What is kubeception?

The term kubeception is used to convey the idea that a Kubernetes cluster is used to create and manage other Kubernetes clusters. In the context of Google Distributed Cloud, kubeception refers to the case where the control-plane for a user cluster runs on one or more nodes in an admin cluster.

We don't recommend using kubeception. Instead, we recommend using Controlplane V2. With Controlplane V2, the control-plane nodes for the user cluster are in the user cluster itself.

For resource requirements in an installation that uses Controlplane V2, see CPU, RAM, and storage requirements.

CPU, RAM, and storage requirements for an admin workstation

Before you create an admin workstation, you fill in an admin workstation configuration file. In the configuration file, you specify a vSphere cluster, a vSphere resource pool, and a vSphere datastore.

The vSphere cluster is a set of physical hosts running ESXi, and the resource pool has a reservation for a portion of the resources available on those ESXi hosts.

The resource pool must have enough CPU and RAM to support the requirements of your admin workstation and any other VMs that belong to the pool. Likewise, the datastore must have enough storage to support the requirements of your admin workstation and any other VMs that use the datastore.

The admin workstation has the following requirements:

4 vCPUs (virtual CPUs)
8 GiB of RAM
100 GiB

Google Distributed Cloud supports only x86-64 vCPUs at the CPU microarchitecture level v3 (x86-64-v3) and higher.

CPU, RAM, and storage requirements for an admin cluster

Before you create an admin cluster, you fill in an admin cluster configuration file. In the configuration file, you specify a vSphere cluster, a vSphere resource pool, and a vSphere datastore

The resource pool must have enough CPU and RAM to support the requirements of your admin cluster and any other VMs that belong to the pool. Likewise, the datastore must have enough storage to support the requirements of your admin cluster and any other VMs that use the datastore.

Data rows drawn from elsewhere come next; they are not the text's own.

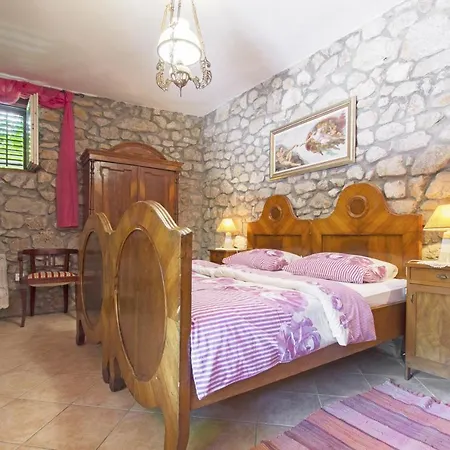 Holiday home Kruzic Kuca Grizane-Belgrad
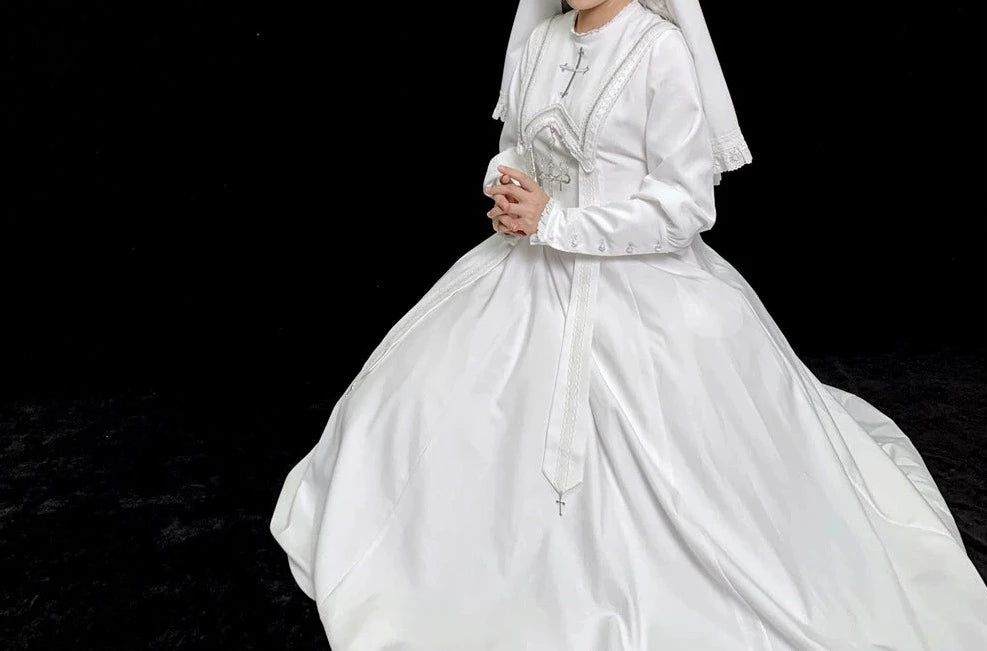 [Resale/Pre-orders until 10/16] Pray on a Moonlight Night Dress, White, Long Length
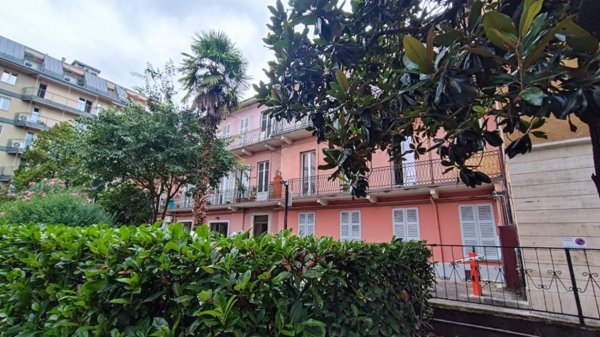 appartamento in vendita ad Arona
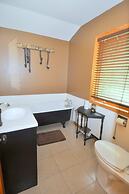 Sqyrls Nest - 3BR Retreat With a Hot Tub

The admin cluster has one or more associated user clusters. For each associated user cluster, the admin cluster has one or three nodes. These nodes run the control-plane components for the user cluster, and they are called user cluster control-plane nodes.

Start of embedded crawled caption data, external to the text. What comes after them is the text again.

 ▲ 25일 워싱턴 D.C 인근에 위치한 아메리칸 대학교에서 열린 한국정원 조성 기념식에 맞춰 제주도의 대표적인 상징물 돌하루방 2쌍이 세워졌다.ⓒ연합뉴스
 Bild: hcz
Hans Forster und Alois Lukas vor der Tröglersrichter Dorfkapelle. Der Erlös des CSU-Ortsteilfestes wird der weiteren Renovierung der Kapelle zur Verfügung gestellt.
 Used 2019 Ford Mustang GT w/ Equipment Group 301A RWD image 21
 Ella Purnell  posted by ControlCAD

For a high-availability (HA) user cluster, the admin cluster has three control-plane nodes. For a non-HA user cluster, the admin cluster has one control-plane node.

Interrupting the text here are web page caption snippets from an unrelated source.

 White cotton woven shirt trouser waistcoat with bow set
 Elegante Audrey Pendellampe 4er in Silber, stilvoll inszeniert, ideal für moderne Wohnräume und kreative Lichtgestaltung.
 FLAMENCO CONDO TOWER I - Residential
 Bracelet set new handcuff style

The admin cluster has the following storage requirements:

40 GiB for a VM template
100 GiB to store etcd object data
240 GiB for Google Cloud Observability to buffer logs and metrics during a network outage
If Prometheus is enabled, 506 GiB for Prometheus to store metrics data
For each node, 40 GiB. This includes the nodes that serve as user cluster control planes.
For each user cluster control-plane node:
- An additional 10 GiB to fulfill PVCs created for audit logs
- An additional 5 GiB to fulfill PVCs created for etcd object data
- An additional 5 GiB to fulfill PVCs created for etcd event data

The following table gives the CPU, RAM, and storage requirements for nodes in the admin cluster:

Node	Requirements	Purpose
Admin cluster control-plane	2 vCPUs 4 GiB of RAM 40 GiB of storage	Runs the control plane for the admin cluster.
Add-ons	Two VMs, each of which has the following requirements: 4 vCPUs 16 GiB of RAM 40 GiB of storage	Runs add-ons for the admin cluster.
User cluster control plane	For each user cluster, one or three VMs. Each VM has the following requirements: 3 vCPUs 5 GiB of RAM 60 GiB of storage	Runs the control plane for a user cluster.

Node

Requirements

Purpose

Admin cluster control-plane

2 vCPUs
4 GiB of RAM
40 GiB of storage

Runs the control plane for the admin cluster.

Add-ons

Two VMs, each of which has the following requirements:

4 vCPUs
16 GiB of RAM
40 GiB of storage

Runs add-ons for the admin cluster.

User cluster control plane

For each user cluster, one or three VMs. Each VM has the following requirements:

3 vCPUs
5 GiB of RAM
60 GiB of storage

Runs the control plane for a user cluster.

^* Google Distributed Cloud supports only x86-64 vCPUs at the CPU microarchitecture level v3 (x86-64-v3) and higher.

CPU, RAM, and storage requirements for a user cluster

Before you create a user cluster, you fill in a user cluster configuration file. In the configuration file, you specify a vSphere cluster, a vSphere resource pool, and a vSphere datastore.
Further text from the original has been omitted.